▶ **TASK REQUIREMENTS**: As an exercise, transcribe the data below in full and exactly, omitting pictures.

### RECORDED DATA

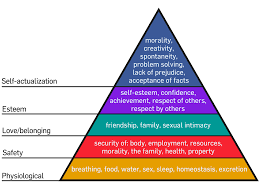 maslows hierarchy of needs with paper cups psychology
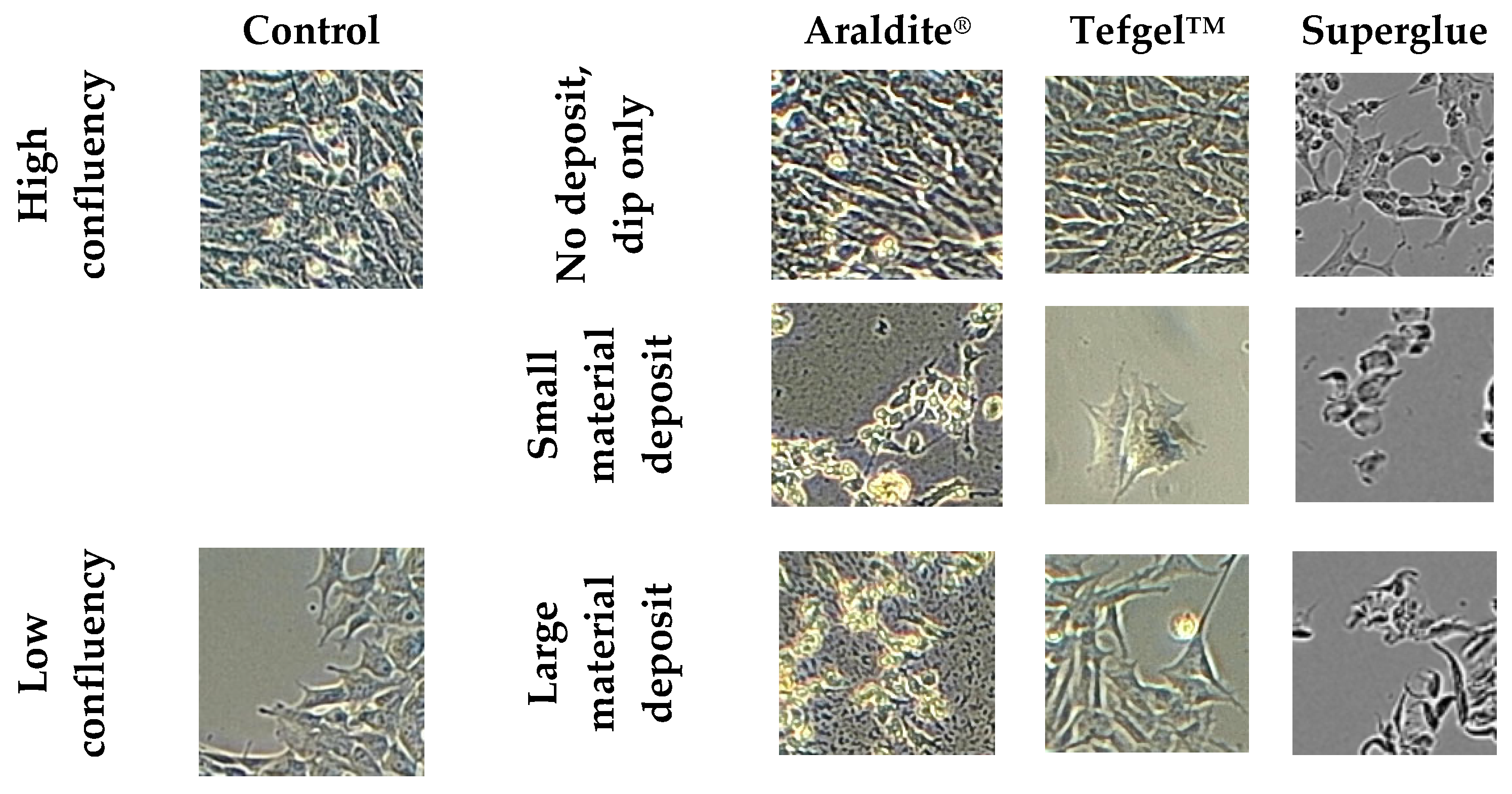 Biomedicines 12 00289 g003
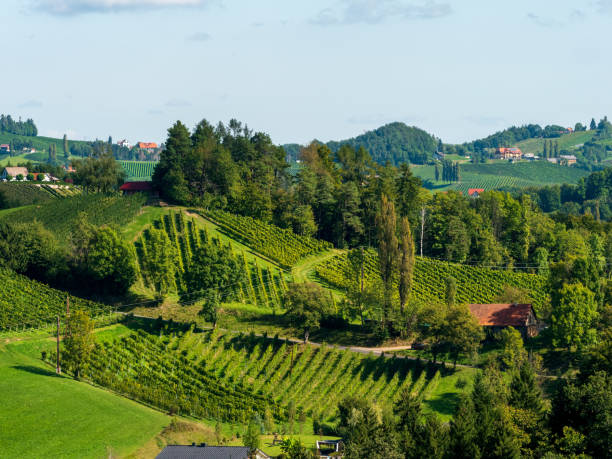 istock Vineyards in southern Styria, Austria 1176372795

######

▶ **THE ANSWER**:
 maslows hierarchy of needs with paper cups psychology
 Biomedicines 12 00289 g003
 istock Vineyards in southern Styria, Austria 1176372795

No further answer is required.